5. Urban-architectural projects like the ones in Europan can only be implemented together with the actors through a negotiated process and in time. How did you consider this issue in your project?

In the specific case of LO-LO-Land, an infrastructural system is proposed to define the support and the minimum units that can be organized inside the building, so a first ‘degree 0’ of flexibility is set before defining the organization of the dwelling units. Using the proposed system, the development of the project will take into account every agent involved (users, administration, local industry, etc.) and every regulation in relation to social housing and accessibility in the Basque Country and national wise. The initial distribution will answer the needs fixed by the valid regulations nowadays; in the short term, the productive space will easily admit variations in size and distribution in the event of a normative change. Likewise, the proposed structure admits multiple ways of living, allowing small transformations in the domestic space in the middle term, without affection of the structure. Also the complete transformation in the use of the building was considered, reducing the number of housing units to implement other programs, such as working spaces or community services in case of a future need.

6. Is it the first time you have been awarded a prize at Europan? How could this help you in your professional career?

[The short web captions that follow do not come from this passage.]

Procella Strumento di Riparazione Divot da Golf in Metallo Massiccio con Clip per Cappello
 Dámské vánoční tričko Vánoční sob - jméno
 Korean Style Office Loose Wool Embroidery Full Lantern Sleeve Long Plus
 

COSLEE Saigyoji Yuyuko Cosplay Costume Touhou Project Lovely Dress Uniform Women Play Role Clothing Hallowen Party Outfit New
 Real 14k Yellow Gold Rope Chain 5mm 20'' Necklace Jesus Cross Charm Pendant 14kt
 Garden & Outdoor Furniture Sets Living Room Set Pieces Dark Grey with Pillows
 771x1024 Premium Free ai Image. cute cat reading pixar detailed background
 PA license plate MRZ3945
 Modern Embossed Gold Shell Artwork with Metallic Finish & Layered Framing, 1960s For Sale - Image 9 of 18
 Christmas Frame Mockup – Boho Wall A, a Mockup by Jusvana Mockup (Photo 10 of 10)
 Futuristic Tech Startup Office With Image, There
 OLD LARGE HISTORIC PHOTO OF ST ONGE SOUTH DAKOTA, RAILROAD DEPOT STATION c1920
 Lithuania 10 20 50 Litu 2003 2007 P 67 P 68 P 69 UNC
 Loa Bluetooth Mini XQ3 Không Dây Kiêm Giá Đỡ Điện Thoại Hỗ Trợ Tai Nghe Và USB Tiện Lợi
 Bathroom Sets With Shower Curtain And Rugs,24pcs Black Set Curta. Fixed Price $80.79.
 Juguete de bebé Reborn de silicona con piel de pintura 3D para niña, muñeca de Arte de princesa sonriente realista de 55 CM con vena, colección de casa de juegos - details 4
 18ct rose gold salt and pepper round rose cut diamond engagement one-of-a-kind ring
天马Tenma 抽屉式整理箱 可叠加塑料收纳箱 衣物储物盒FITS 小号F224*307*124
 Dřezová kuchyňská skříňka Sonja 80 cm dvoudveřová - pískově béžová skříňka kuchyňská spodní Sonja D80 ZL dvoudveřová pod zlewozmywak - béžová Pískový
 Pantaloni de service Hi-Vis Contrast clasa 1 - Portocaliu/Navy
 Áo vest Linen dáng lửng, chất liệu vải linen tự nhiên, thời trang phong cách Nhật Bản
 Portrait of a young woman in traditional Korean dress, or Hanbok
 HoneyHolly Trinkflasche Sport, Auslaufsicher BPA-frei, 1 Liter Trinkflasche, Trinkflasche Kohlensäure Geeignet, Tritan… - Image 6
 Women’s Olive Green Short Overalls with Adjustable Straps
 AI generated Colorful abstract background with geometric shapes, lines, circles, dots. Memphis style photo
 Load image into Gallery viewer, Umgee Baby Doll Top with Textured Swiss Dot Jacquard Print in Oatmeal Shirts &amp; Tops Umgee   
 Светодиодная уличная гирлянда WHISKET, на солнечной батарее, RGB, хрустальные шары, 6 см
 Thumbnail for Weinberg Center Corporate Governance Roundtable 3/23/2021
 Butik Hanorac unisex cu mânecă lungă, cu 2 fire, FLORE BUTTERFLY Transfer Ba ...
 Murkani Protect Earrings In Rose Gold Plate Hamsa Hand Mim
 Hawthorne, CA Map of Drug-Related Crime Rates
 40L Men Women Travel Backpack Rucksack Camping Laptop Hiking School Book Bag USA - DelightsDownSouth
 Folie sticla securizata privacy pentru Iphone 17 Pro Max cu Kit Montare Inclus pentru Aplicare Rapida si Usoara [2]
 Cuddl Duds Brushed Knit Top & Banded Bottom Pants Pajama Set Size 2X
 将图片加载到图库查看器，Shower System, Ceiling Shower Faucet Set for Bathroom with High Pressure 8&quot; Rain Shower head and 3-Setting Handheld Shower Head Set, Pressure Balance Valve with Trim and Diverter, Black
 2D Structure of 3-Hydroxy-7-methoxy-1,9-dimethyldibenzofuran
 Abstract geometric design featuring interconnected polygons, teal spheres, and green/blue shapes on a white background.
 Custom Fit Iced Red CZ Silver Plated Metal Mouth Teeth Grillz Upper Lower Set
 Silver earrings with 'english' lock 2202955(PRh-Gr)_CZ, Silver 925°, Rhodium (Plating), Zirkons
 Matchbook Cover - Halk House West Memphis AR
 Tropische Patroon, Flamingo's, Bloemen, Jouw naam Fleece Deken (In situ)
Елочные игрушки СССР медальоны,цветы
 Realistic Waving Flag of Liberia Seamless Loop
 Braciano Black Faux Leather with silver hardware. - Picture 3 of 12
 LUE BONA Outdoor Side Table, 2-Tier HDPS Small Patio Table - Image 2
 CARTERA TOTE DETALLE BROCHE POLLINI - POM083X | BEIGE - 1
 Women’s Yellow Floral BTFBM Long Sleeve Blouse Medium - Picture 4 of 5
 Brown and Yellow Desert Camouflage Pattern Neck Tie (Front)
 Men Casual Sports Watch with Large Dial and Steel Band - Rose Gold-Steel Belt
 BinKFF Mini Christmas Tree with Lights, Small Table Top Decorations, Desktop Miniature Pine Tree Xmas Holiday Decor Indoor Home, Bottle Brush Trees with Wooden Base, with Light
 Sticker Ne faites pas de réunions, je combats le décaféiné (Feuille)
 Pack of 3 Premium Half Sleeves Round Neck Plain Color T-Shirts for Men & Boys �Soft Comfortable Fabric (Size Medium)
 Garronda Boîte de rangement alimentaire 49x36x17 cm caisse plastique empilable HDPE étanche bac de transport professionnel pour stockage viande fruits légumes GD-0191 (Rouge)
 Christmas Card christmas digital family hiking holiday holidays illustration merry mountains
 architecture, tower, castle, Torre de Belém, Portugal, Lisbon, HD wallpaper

Carlos (E10 and E13) and Begoña (E13) obtained honorable mentions before, and in 2017 the whole team were awarded with the first prize in Europan 14 – Torrelavega (ES) with the project Vacant Space. This Project was presented in the XX International Conference on Industrial Heritage held in Gijón in September 2018, and has been subject of several meetings with the government and the press of Cantabria. After several years of research and development, we are about to sign a contract with the Government of Cantabria for the redaction of the basic and implementation project. Vacant Space is a project that especially interests us because of the possibility it offers us to confront our ideas with reality and explore the limits of architecture in a deeper way. This second prize in E15 – Lasarte (ES), with the project LO-LO Land, has allowed us to continue researching on the same topic of productive cities, but on a smaller scale and with a very different program.

 

TEAM IDENTITY

Office:
Functions: Architecture
Average age of the associates: 33 years old

Has your team, together or separately, already conceived or implemented some projects and/or won any competition? If yes, which ones?

Built work: Sotogrande Sailing School / Reinosa Community Center / Public Plaza Saint Jacques Trail / Private House / Book Store. Developed Under Construction: Two private houses Competitions: First Prize: Europan 14 Torrelavega (ES) / Sotogrande Sailing School / Reinosa Community Center / Public Plaza Saint Jacques Trail. Third Prize: Mahou Building Restoration. Mention: Europan 10 Entroncamento (PO), Europan 10 Tallín (EE), Europan 13 Helsinki (FI). Finalist: Second Phase Tampere Contemporary Museum Extension.